Media Reality Check: Jenin Is the Epicenter of Palestinian Terrorism
The Washington Post reported on May 16th about how a leading Catholic clergyman in Israel had condemned the events surrounding the funeral of Al Jazeera journalist Shireen Abu Akleh, who was shot and killed during a terrorism raid in the West Bank.
What went unmentioned in the entire piece is that Abu Akleh’s tragic death occurred in a terror hotbed, a place where most of the Palestinians who have carried out the recent terror attacks on Jewish civilians have come from.
Instead, The Washington Post has chosen to rebrand the city of Jenin as a mere “refugee camp.”
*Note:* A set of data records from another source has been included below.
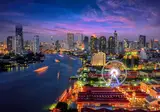Ontdek Zuid-Thailand foto 2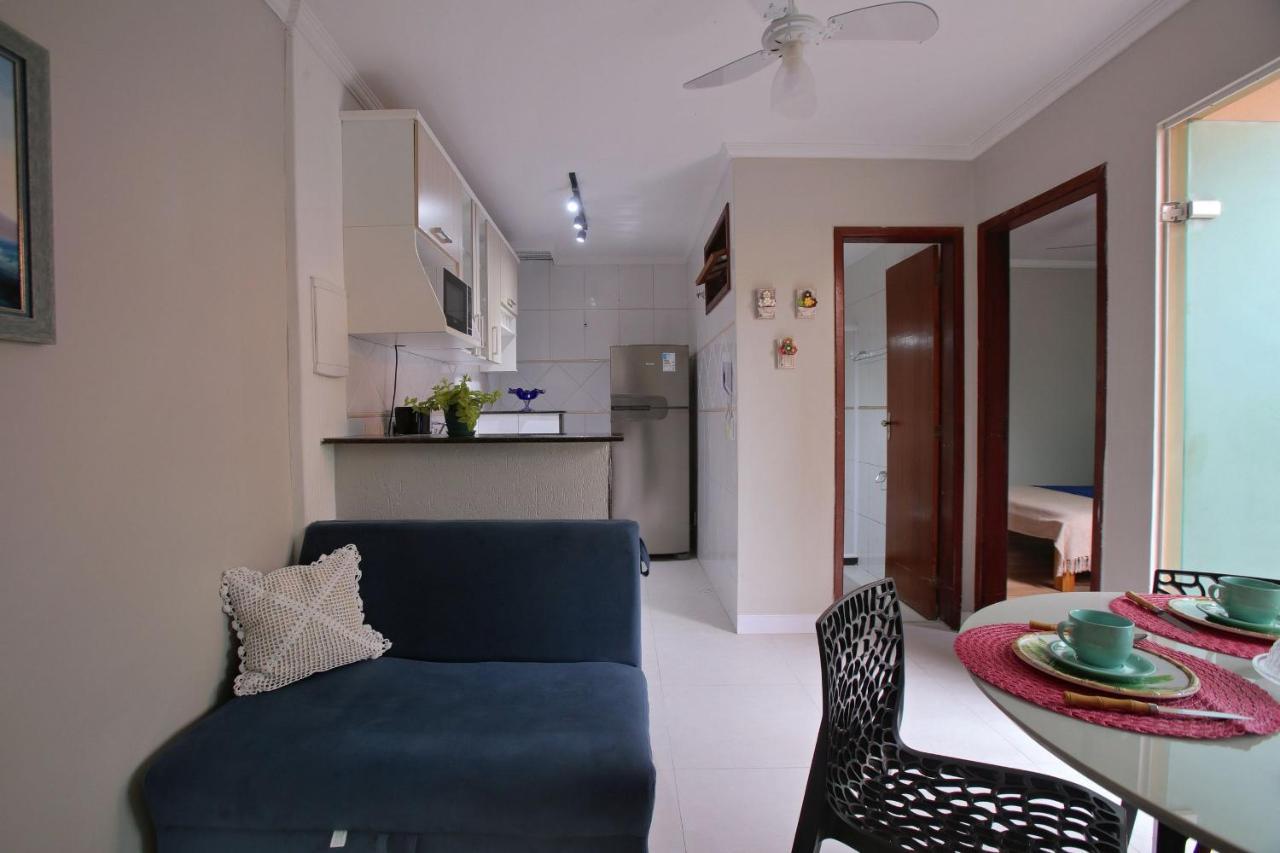 Estudio Com Ar Refrigerado A 300 M Praia กาโบฟรีโอ ภายนอก รูปภาพ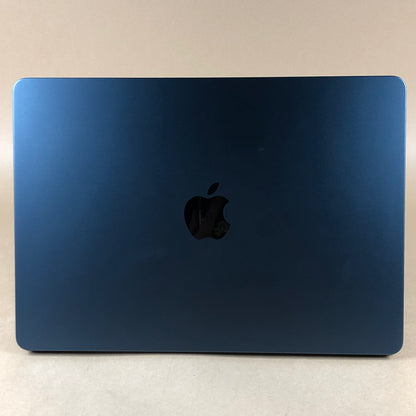 2025 Apple MacBook Air 13.3" M4 8C GPU 4.5GHz 16GB RAM 256GB SSD A3240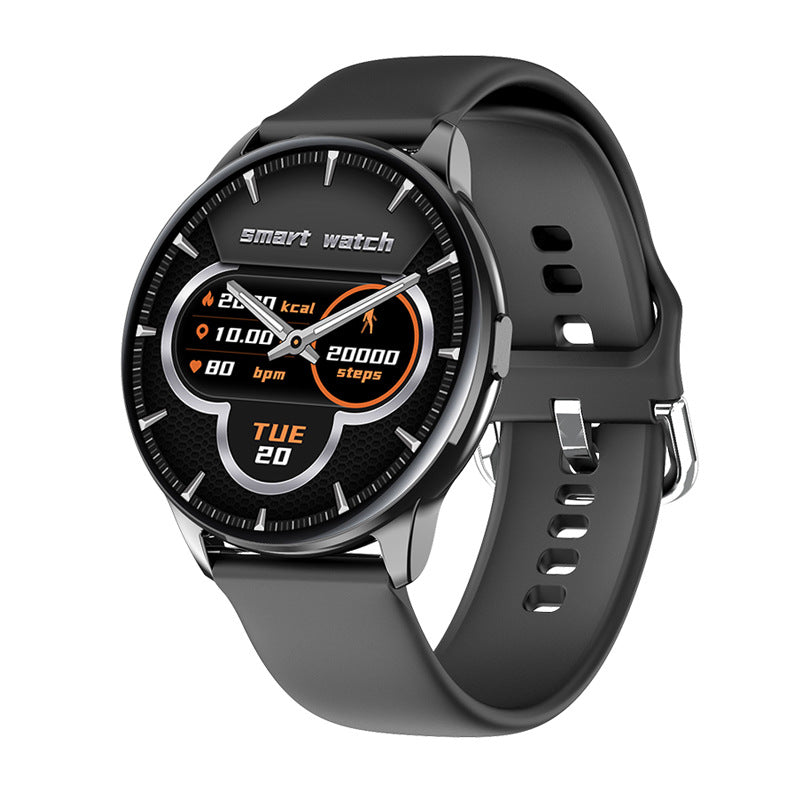 Y90 Smart Watch GPS Blood Pressure Monitoring Health Smart Watch Sports Smart Watch - Buy Online at RONGORA LTD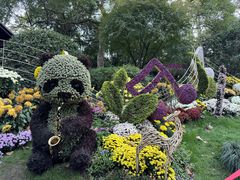 -杭州植物园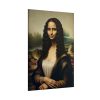 101894-277.jpg Elegant Mona Lisa Poster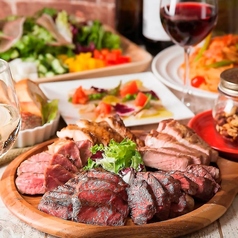 海鮮と創作天ぷら もりした 南草津駅店の特集写真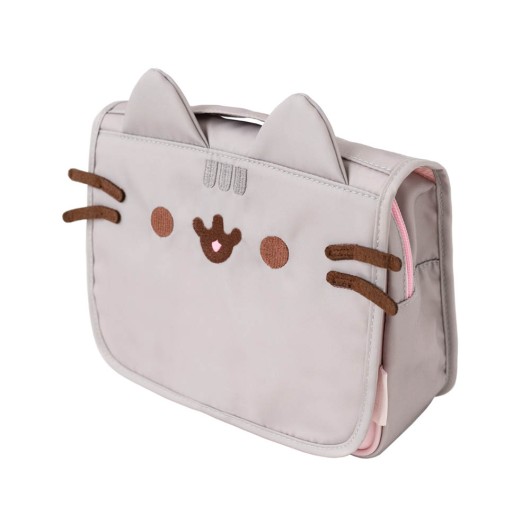 NECESER COLGANTE DE VIAJE PUSHEEN FOODIE COLLECTION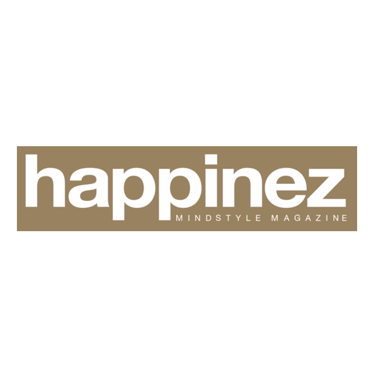 Brève Happinez – numéro 92 – Rangement de Vie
The Post piece covers the disagreements surrounding the exact circumstances of Abu Akleh’s death, by stating:
Israel and the Palestinians are locked in a war of narratives over Abu Akleh’s killing. The reporter, a Palestinian-American, a Catholic and a 25-year veteran of the satellite channel, was shot Wednesday while covering an Israeli military raid in the Jenin refugee camp. She was wearing a blue vest clearly marked “Press.” Abu Akleh was a household name across the Arab world, known for documenting the hardship of Palestinian life under Israeli rule. [Emphasis added]
The above reference to the “raid on the Jenin refugee camp” immediately followed by the description of Abu Akleh’s work focused on “documenting the hardship of Palestinian life under Israeli rule” is problematic for several reasons.
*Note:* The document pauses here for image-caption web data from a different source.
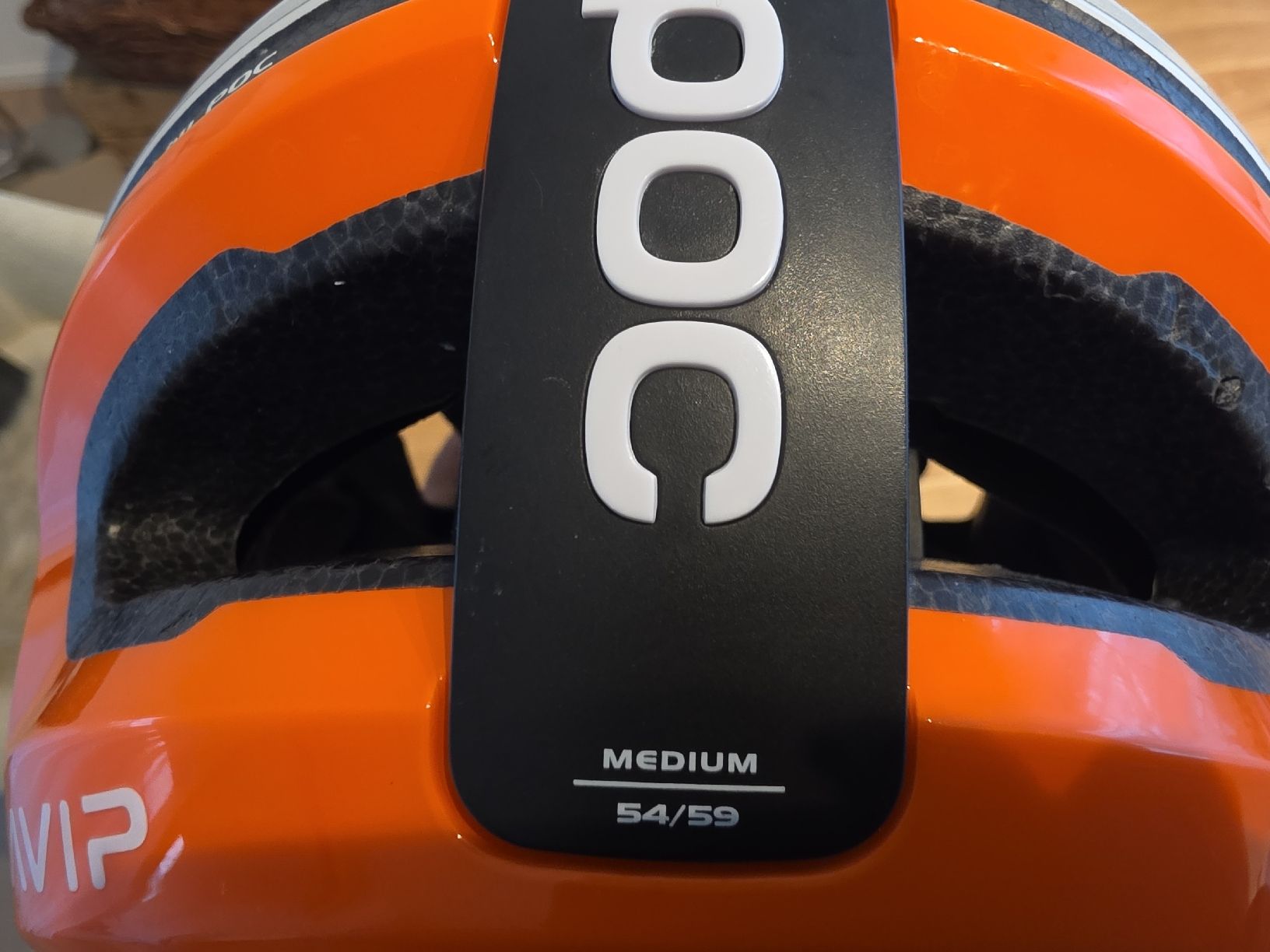 Helme: POC Helm Gr 54-59 mit Mips – Gebraucht aus Altwis von susi70 3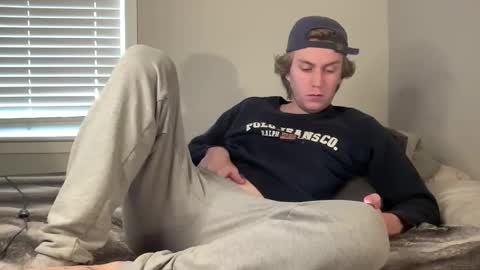 Clyde Austin online show from 11.12.25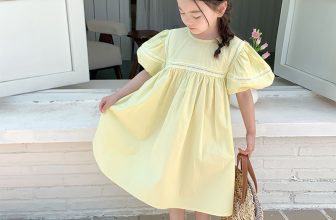 [🆕🇻🇳] The Pig – Váy/ Đầm Bé Gái – Hàng Thiết Kế Cao Cấp – Chất Liệu Chọn Lọc 100% 🧑‍🧒❤️️👶⭐️ Chiếc đầm Must Have trong tủ đồ cho bé ạ
, shares-0✔️ , likes-12❤️️ , date-2024-04-13 16:14:37🇻🇳🇻🇳🇻🇳📰🆕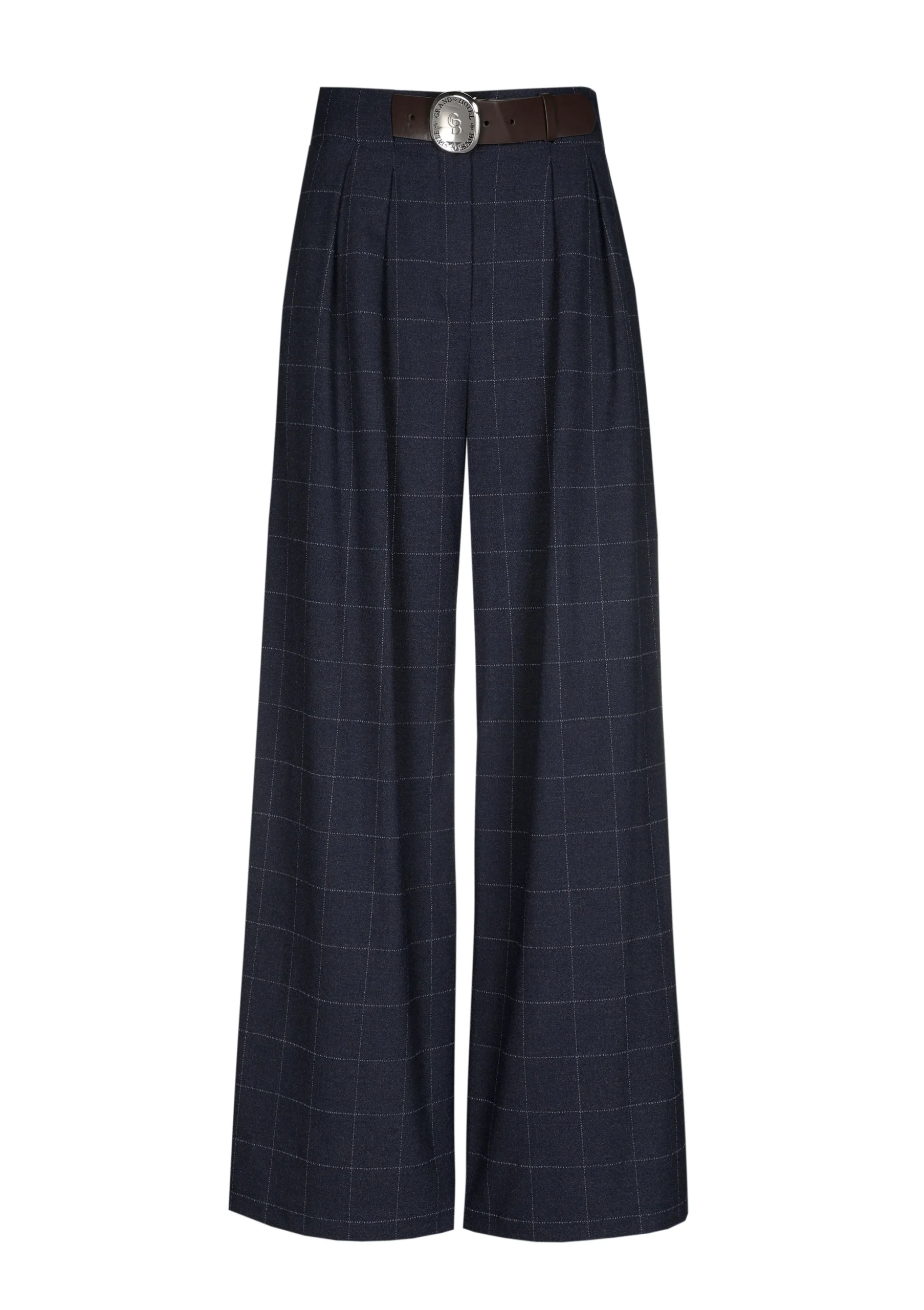Broek Blauw Caroline Biss ( 4590/21 ) - 51Dnspod | Smaakvolle damp – Verzendkosten vrij vanaf 40€ Broek Blauw Caroline Biss ( 4590/21 ) - 51Dnspod | Smaakvolle damp – Verzendkosten vrij vanaf 40€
First, Jenin is not simply one big Palestinian refugee camp that Israeli authorities flagrantly invaded. Rather, the area around the city, including the UNRWA-run camp, has long been a hub for terrorist activities, and is known as a stronghold for the Gaza-based terror group, Palestinian Islamic Jihad (PIJ).
Indeed, the perpetrators of multiple terror attacks in the last two months in Israel have been residents of Jenin or surrounding villages, including the Palestinian terrorist who murdered three people in a Tel Aviv bar on April 7, and the ISIS-inspired gunman who slaughtered five in Bnei Brak.
Second, the absence of any reference in the article to the terror wave that prompted the raid in Jenin is a troubling omission: it makes it possible for the IDF’s incursion into Jenin to be interpreted as entirely unwarranted, and suggests that the raid was launched only in order to victimize the camp’s residents.
The unfortunate fact is that such military expeditions into Palestinian towns and villages in the West Bank are a necessity, in order to capture those who have committed terrorist acts, or to apprehend individuals suspected of planning future attacks.
Finally, the segue into the description of Abu Akleh’s work as dedicated to revealing the “hardship” Palestinians endure “under Israeli rule,” hints at the debunked Israel as a colonialist entity myth.
In fact, Jenin is administered by the Palestinian Authority — as agreed under the Oslo Accords. As noted, the entry of Israeli soldiers into the area is only for security purposes and is generally coordinated with Palestinian forces.
The above points may seem minor, a mere matter of semantics. However, they are of vital importance when we consider how many people around the world rely on The Washington Post and other prominent publications to gain a better understanding of the events surrounding Abu Akleh’s death and wider Israeli-Palestinian issues.
So why did The Washington Post and other outlets choose to bury such crucial information?